Same issue on two independent nodes, random block stuck with ERROR:
heimdalld[14653]: ERROR[2024-01-20|20:45:38.152] Span proposed is not in-turn module=bor currentChildBlock=52556670 msgStartblock=52563456 msgEndBlock=52569855
Hey @eldimious @VSGic @maoueh @GeassV ,
- We can ignore
unable to handle whitelist milestonelogs. We are working on suppressing these logs to DEBUG. - I can see your network is peered.
- Please downgrade your bor node to
v1.1.0and heimdall tov1.0.3. - Try to restart the clients.
- If the issue persists. Please attach a log dump ( or copy last 200 lines of log ) and configuration used to start the nodes.
Thank you! 💜
Hey @eldimious @VSGic @maoueh @GeassV ,
- We can ignore
unable to handle whitelist milestonelogs. We are working on suppressing these logs to DEBUG.- I can see your network is peered.
- Please downgrade your bor node to
v1.1.0and heimdall tov1.0.3.- Try to restart the clients.
- If the issue persists. Please attach a log dump ( or copy last 200 lines of log ) and configuration used to start the nodes.
Thank you! 💜
well, stuck at 52755409 and then moved to 52756404 and stuck again when trying to dump the log and config files bor version 1.1.0 and heimdall v1.0.3 attached are the log and config: output_24_1_26.log bor_config.txt
Hey @eldimious @VSGic @maoueh @GeassV ,
- We can ignore
unable to handle whitelist milestonelogs. We are working on suppressing these logs to DEBUG.- I can see your network is peered.

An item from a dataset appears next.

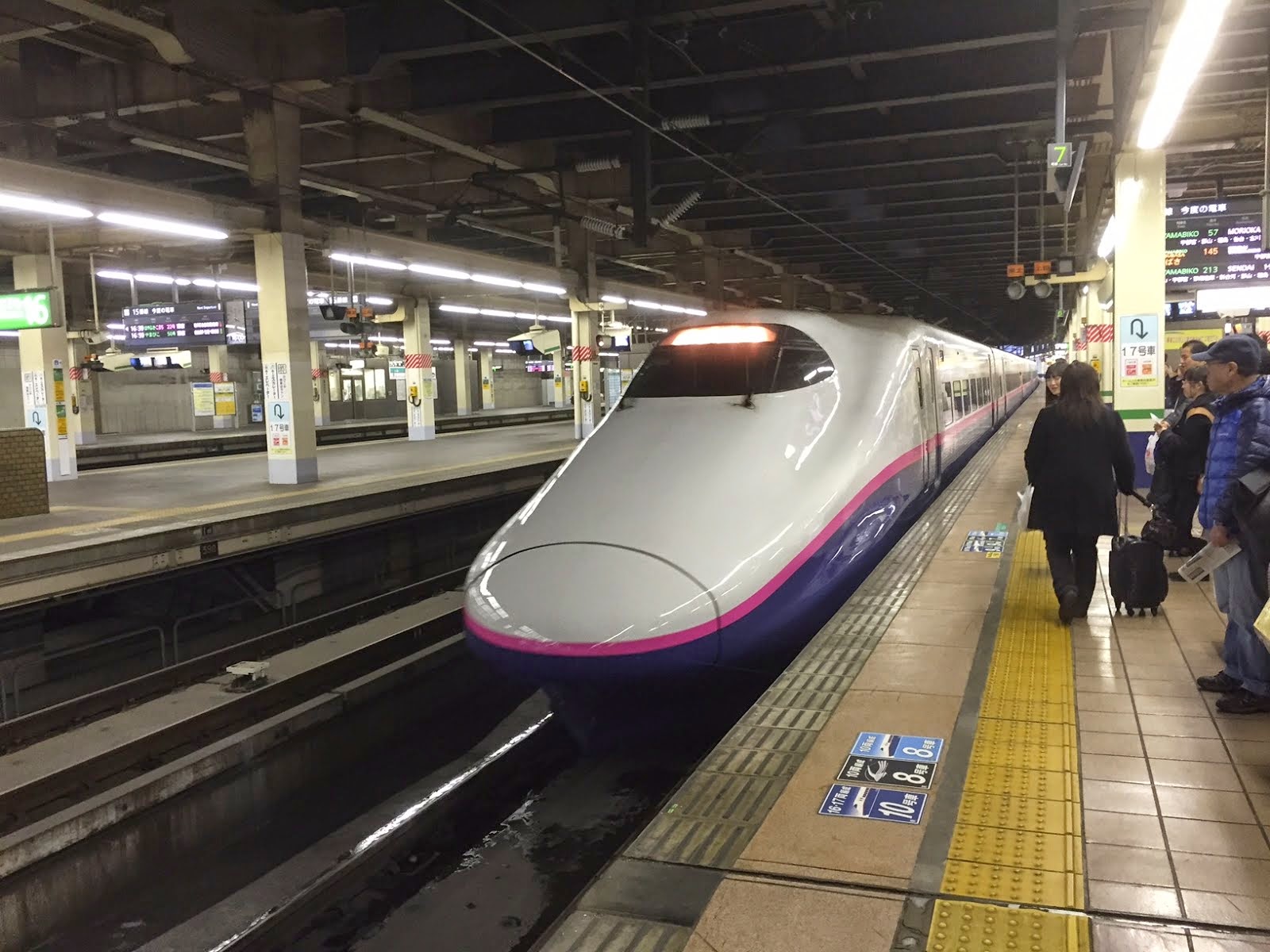 愛に恋 Eishin Blog 新幹線移動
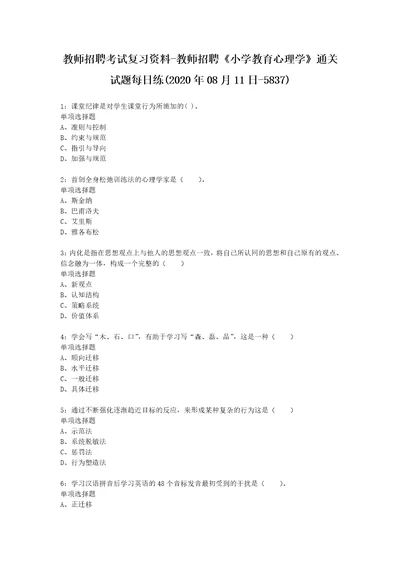 教师招聘考试复习资料教师招聘小学教育心理学通关试题每日练2020年08月11日5837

- Please downgrade your bor node to
v1.1.0and heimdall tov1.0.3.- Try to restart the clients.
- If the issue persists. Please attach a log dump ( or copy last 200 lines of log ) and configuration used to start the nodes.
Thank you! 💜
Hello, the same problem after downgrade. Regular restart needed attached log and config config_bor.txt out_bor.log
Hello,
I have the same issue. The bor node is stuck at block number 52962568.
bor v1.1.0
heimdall v1.0.3
I tried to restart the bor node, but it took a long time to try to stop.

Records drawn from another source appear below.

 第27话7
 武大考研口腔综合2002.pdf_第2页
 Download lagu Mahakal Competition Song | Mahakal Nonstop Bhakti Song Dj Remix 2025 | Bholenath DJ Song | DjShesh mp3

Finally, it was killed by systemd for 'stop-sigterm' timed out.
After starting, the block number rolls back to 52921882, it far away from the stuck block number 52962568.
Same here.
@CaCaBlocker You can ignore these logs for now as your node is not completely synced.
@RyanWang0811 Is it working now?
It is working now. thx.
Hi, still have this problem, I restart bor 3-5 times per day
Still have this problem, too.
This issue is like what I posted previously and the issue seems not to have been repaired or still has any issue. https://github.com/maticnetwork/bor/issues/939
Is it a node bug? or any issue on the chain?

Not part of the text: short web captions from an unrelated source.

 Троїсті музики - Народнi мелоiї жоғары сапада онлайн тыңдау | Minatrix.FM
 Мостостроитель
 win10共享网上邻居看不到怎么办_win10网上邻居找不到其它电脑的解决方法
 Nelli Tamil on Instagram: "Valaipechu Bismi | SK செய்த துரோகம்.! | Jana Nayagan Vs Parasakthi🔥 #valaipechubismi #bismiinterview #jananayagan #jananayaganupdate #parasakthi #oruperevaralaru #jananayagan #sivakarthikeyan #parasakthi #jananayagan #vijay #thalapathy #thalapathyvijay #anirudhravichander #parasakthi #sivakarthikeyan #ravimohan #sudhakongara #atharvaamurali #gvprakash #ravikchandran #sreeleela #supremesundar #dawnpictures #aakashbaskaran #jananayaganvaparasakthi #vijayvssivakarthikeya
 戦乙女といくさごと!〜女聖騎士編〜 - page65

Problem still actual, two nodes with different bor versions struggle
Hey @RyanWang0811 @VSGic what specific errors are you facing currently ? Can you share some logs ?
Also have you upgraded to bor v1.2.3 ?
Hello @Raneet10 I have posted logs above here. I have two nodes, one with bor v1.2.3 , and it have the same problem
I encountered this problem using the latest version on the testnet, and there is no solution yet。heimdall:v1.0.4-beta,bor:v1.2.6-beta
Hello !
Just wanted to mention that we are experiencing the same issues with our 2 polygon bor nodes. I have setup a liveness probe (k8s) to restart the node if it get stuck for more than 15 min. It kinda work but it’s really annoying and we still manage to have small interruptions when both nodes get stuck at the same moment. It happens multiple times per day. It’s really bad.
Anything planned to fix those issues ?
By the way I compared the errors I got in Heimdall and bor logs while it was stuck on a block to the logs I had on the other node that was working. And I found exactly the same error in both. So the issue for sure is not being logged...
Hello, still have this trouble, we cannot send transactions with such node. They are get lost, when node out of sync. We work with polygon in manual regime
Hi, still actual, and become worse, one node even cannot get synced after reboot and stucks on the way again
Also faced this issue when bootstraping node from official snapshot. Seems that removing nodekey file fixed that problem and sync is now progressing.